South China Morning Post’un görüşüne başvurduğu uzmanlar, Çin’in Rusya ve Kuzey Kore ile üçlü bir eksene çekilme konusunda temkinli olduğunu, bunun ABD’nin çıkarlarını ilerletecek ve bölgedeki gerilimi tırmandıracak “yeni bir soğuk savaşı” tetikleyebileceğinden korktuğunu söyledi.

Çin’in kuzeydoğusundaki Jilin Üniversitesi’nde Kuzeydoğu Asya çalışmaları uzmanı olan Bjorn Alexander Duben, Pekin’in Pyongyang ve Moskova ile üçlü bir ilişkiyi güçlendirerek, her ikisiyle de yakın ikili bağları varken “blok inşasına” girişmiş gibi görünmekten kaçınmak istediğini ifade etti.

Rusya Başbakanı Mikhail Mishustin ve Kuzey Kore Dışişleri Bakan Yardımcısı Pak Myong-ho, her iki komşuyla da stratejik ilişkileri güçlendirme sözü veren üst düzey Çinli liderlerle ayrı ayrı görüşmeler yapmak üzere geçen hafta Pekin’i ziyaret etti.

“Prensipte Çin, [Rusya ve Kuzey Kore’nin] derinleşen ilişkilerinden memnun olabilir. Ancak pratikte çıkarları da farklılaşıyor,” diyen Duben, şunları ekledi: “Rusya ve Kuzey Kore’nin her ikisi de uluslararası sistemde yıkıcı olmak için teşviklere sahip. Aradaki fark Çin’in [şu anda] bu konuda bir çıkarı yok, uluslararası istikrardan bir çıkarı var.”
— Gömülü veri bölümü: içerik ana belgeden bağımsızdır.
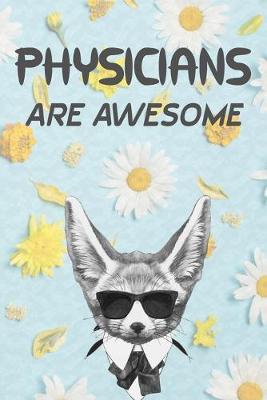 Book cover for Physicians are Awesome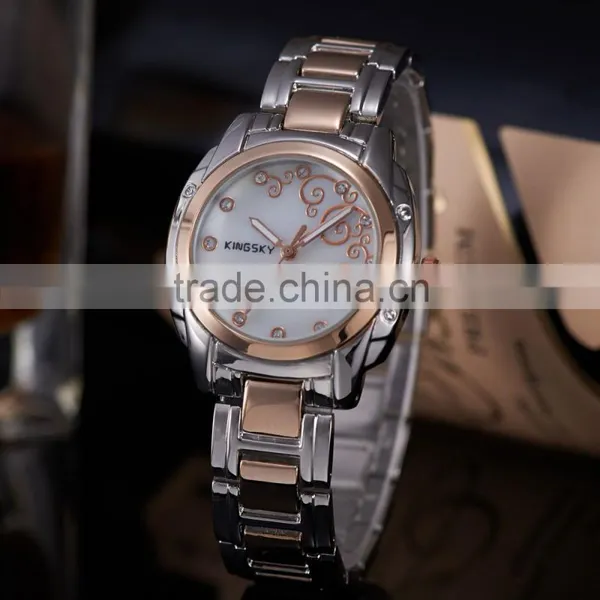 WEIDE Fashion Lady Watch China Suppliers KY054-2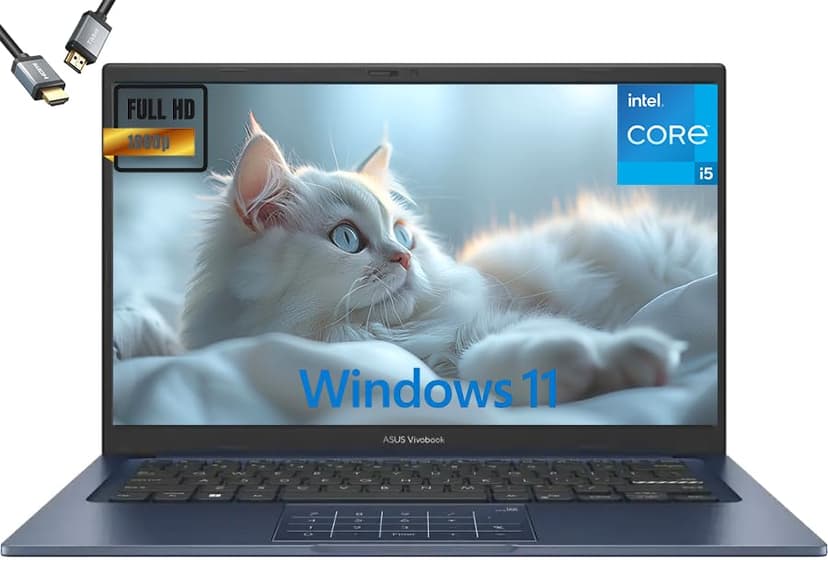ASUS Vivobook 14(2025): image 1 of 8
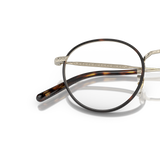 Oliver Peoples Carling with Brushed Gold/362 frame - Variant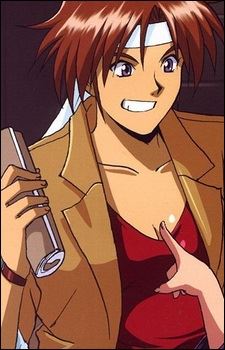 Kanna Kirishima (桐島 カンナ)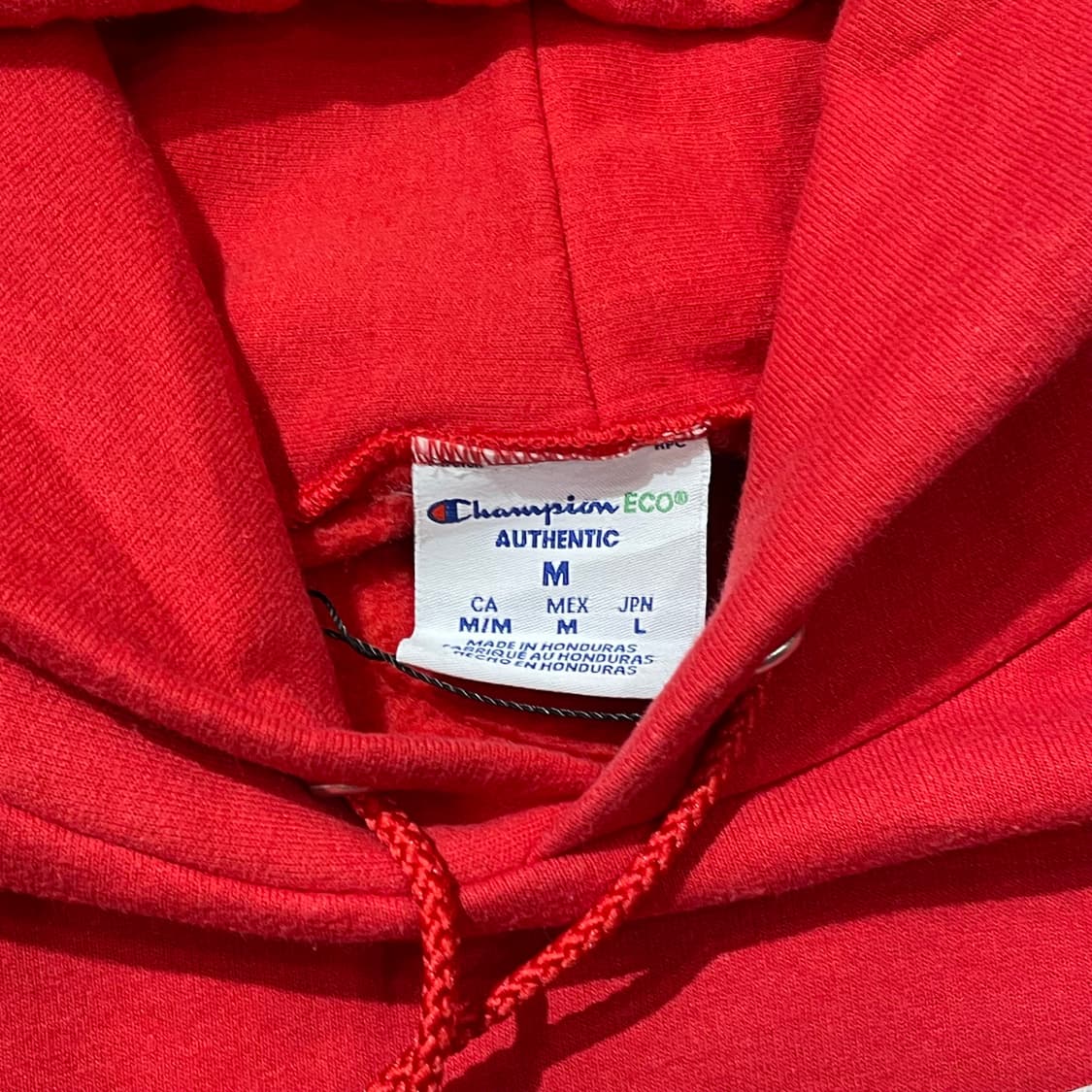 (M) Champion 챔피온 유니버시티 프린팅 후드티 상품이미지7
“Pekin, ABD’yi meşgul eden küçük krizlerin ortaya çıkmasını umursamıyor, ancak daha derin küresel istikrarsızlık istemiyor – özellikle de Çin’in olumsuz ekonomik durumu ışığında” diyen Duben, Pekin’in Batı’nın yanı sıra Güney Kore ve Japonya ile ilişkilerini geliştirmekte hala bir çıkarı olduğunu belirtti.

Çin Devlet Başkanı Xi Jinping ve ABD’li mevkidaşı Joe Biden arasında geçen ay yapılan ve yakından izlenen zirvede iki lider, artan gerilimi yönetme konusunda anlaşsa da, Hint-Pasifik bölgesinde artan askeri rekabet gibi önemli ihtilaf noktalarında herhangi bir ilerleme kaydedilemedi.

ABD ve anlaşmalı müttefikleri Japonya ve Güney Kore, Hint-Pasifik’te “giderek daha iddialı” hale gelen Çin’le mücadele etmek için askeri koordinasyonu artırdı. Pekin’in Doğu Asya’daki iki komşusuyla ilişkileri de son yıllarda gerginleşti.

Ancak geçen ay yapılan Çin-Japonya-Güney Kore dışişleri bakanları toplantısı, ekonomik işbirliğine yeniden odaklanmak amacıyla ilişkileri onarmak için yeni bir fırsat sundu.

Renmin Üniversitesi’nde uluslararası ilişkiler profesörü olan Shi Yinhong, ABD, Japonya ve Güney Kore ile ilişkilerin iyileştiğine dair son işaretler göz önüne alındığında, Çin’in Rusya ve Kuzey Kore ile ortak bir askeri tatbikat gibi gerilimi yeniden tırmandıracak üçlü faaliyetlere girişme ihtimalinin düşük olduğunu söyledi.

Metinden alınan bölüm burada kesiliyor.